_What is needed_
Copy exactly, and copy nothing else: the line that contains "Purpurina, plumas y" and all lines after it in the listing, without pictures.

_Collected data_

********

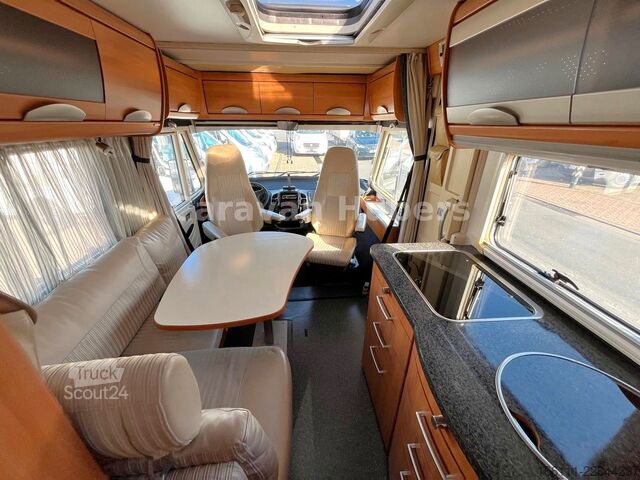 Autorulotă integrată HYMER/ERIBA B 614 - Festbett- Klima -  - Solar -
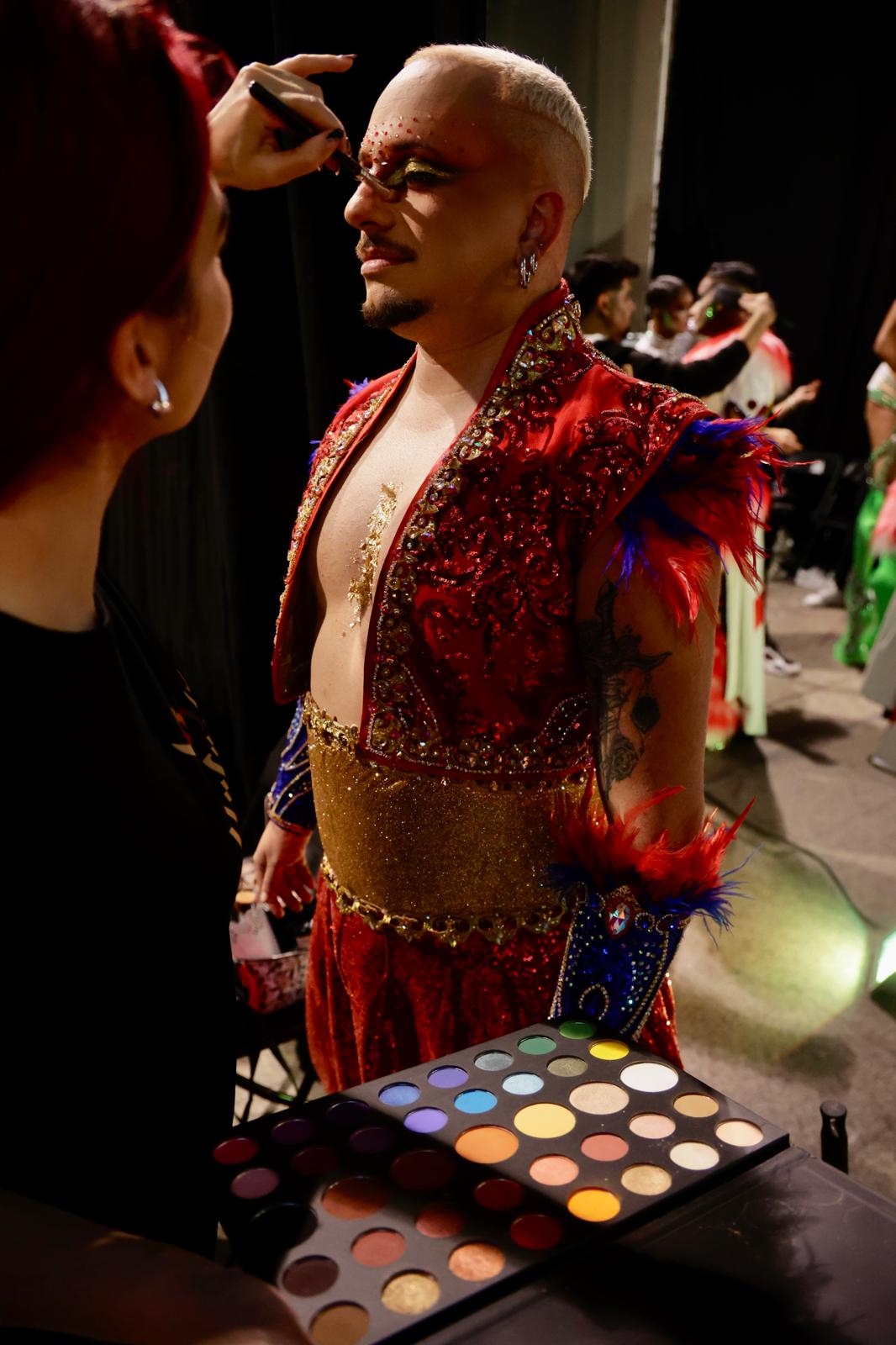 Purpurina, plumas y tacones en el backstage de los drags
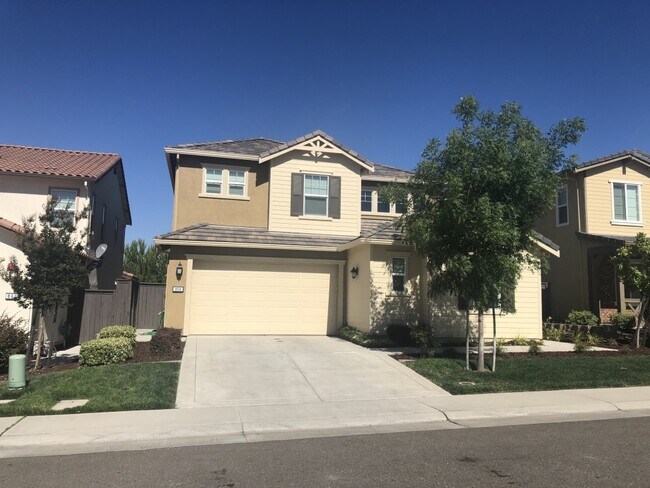 Building Photo - 5 bedroom Whitney Ranch Beauty! Walking di...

********

_Response_
 Purpurina, plumas y tacones en el backstage de los drags
 Building Photo - 5 bedroom Whitney Ranch Beauty! Walking di...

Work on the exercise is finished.